Huawei’s smartwatch business is doing very well. Counterpoint’s Woojin Son wrote:

“There is significant value in examining the growth drivers of the global smartwatch market in Q3 2023. Amid a global economic slowdown, most consumer device markets like smartphones are still experiencing stagnation compared to a year ago. In contrast, the smartwatch market has recorded YoY growth for two consecutive quarters in both premium and budget segments. Notably, High-level Operating System (HLOS)* smartwatches, typically featuring higher specification and price, have grown largely driven by Huawei in Q3 2023 as the company posted its highest quarterly performance ever. Most of this surge occurred in the Chinese domestic market, coupled with the launch of new Huawei 5G smartphones.”


Looking ahead to 2024, Huawei said in the letter the device business would be one of the major business lines it would focus on for expansion. “Our device business needs to double down on its commitment to developing best-in-class products and building a high-end brand with a human touch,” the letter said.

Missing from Hu’s remarks was any reference to Huawei’s profits, which plummeted 69% last year, to just RMB35.6 billion ($1 billion).

Huawei watchers will probably have to wait until the publication of its 2023 annual report for an update.

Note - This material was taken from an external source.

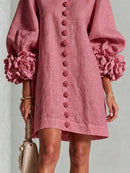 Vintage Rose Floral Button-down Mini Dress With Striking Floral Cuffs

For sure, the company is cutting costs.  “We will continue to streamline HQ, simplify management, and ensure consistent policy, while making adjustments where necessary,” said Huawei’s chairman.

Yet the company will likely continue to ramp up R&D spending. RMB161.5 billion ($22.8 billion) was spent on R&D in 2022, about a quarter of total revenues and a 13% year-over-year increase. Expect a similar increase for 2023 and 2024.